Metro yang kami tumpangi membawa kami ke pusat kota Brussel. Ada gathering spot di sini, mirip dengan alun-alun yang dikelilingi oleh gedung-gedung kuno dg arsitektur yang amat megah. Cahaya laser yang menyinari gedung2 itu memantulkan gambar butiran-butiran salju yang jatuh di setiap gedung. Indah sekali… Lantunan Fur Elise mengingatkanku akan rumah yang kutinggalkan. Ah ya sudahlah, kini aku di sini.

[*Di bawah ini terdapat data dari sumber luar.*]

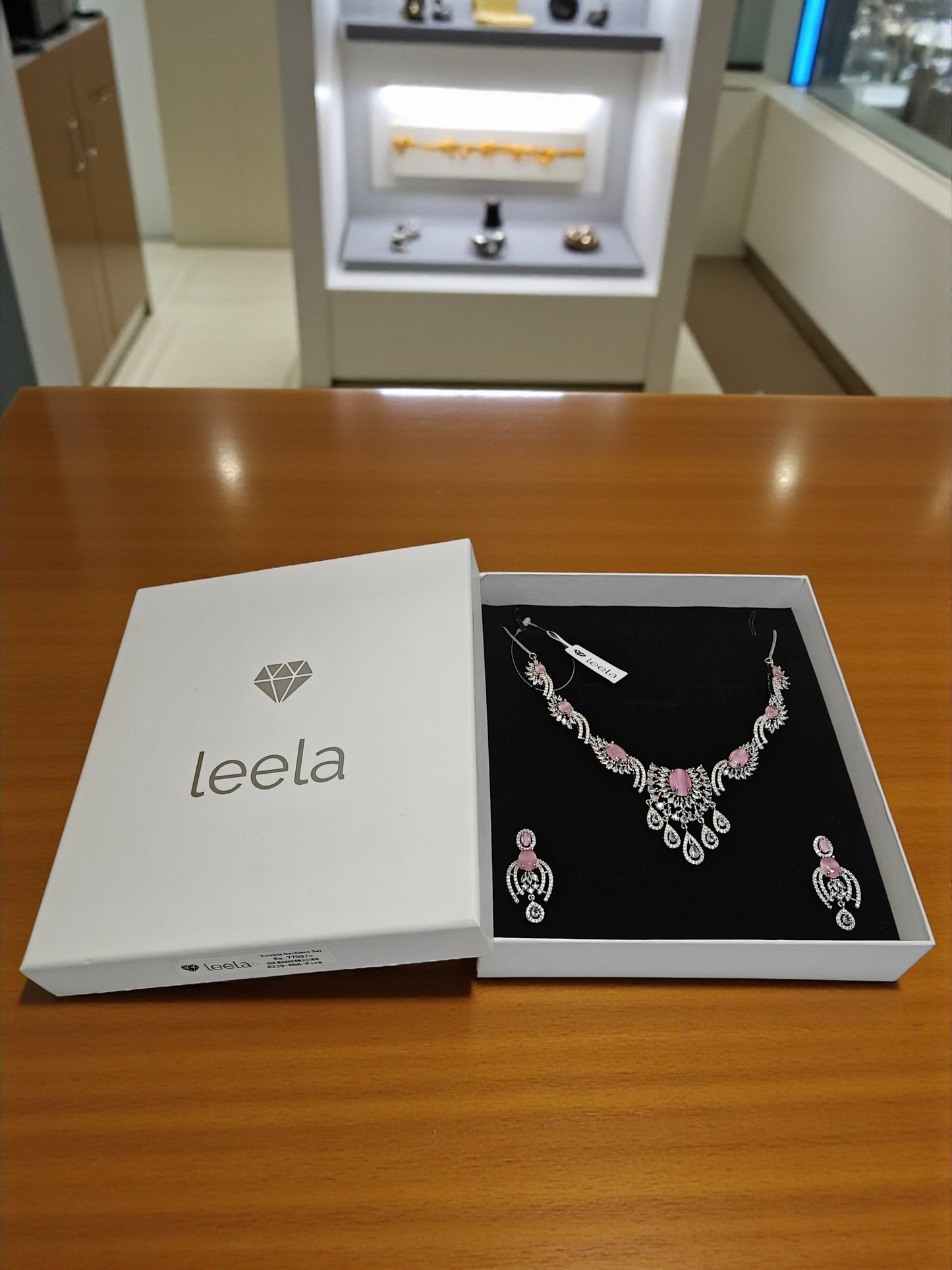 Twinkle Necklace - Pink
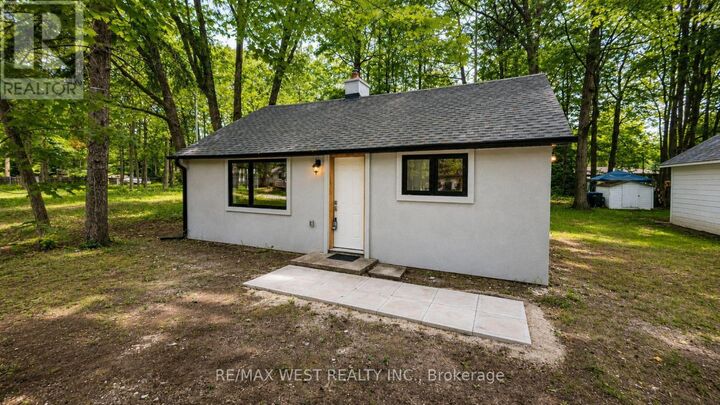 Property Photo:  91 30th Street North  ON L9Z 2C8 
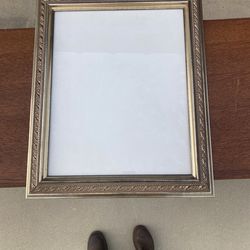 Golden Wood Frame 24x20 (19x15)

Setelah melahap mash potato dan frites, kami bergegas menuju hotel. “How’s the trip?” sapa si bule ganteng pemilik hotel ramah. “It’s really terrible”, timpal temanku. “O, whass up?” tanya si bule. “We met pickpocket, fortunately we’re safe. She slapped him”, sahut temanku sambil melirik ke arahku… “Great!! U gave him five?” kata si bule dg ekspresi melongo yg lucu. “Yup, wasn’t it enough?” sahutku datar. Tau kenapa tuh tiba2 si bule ngajak toast… yah gpplah, sesekali….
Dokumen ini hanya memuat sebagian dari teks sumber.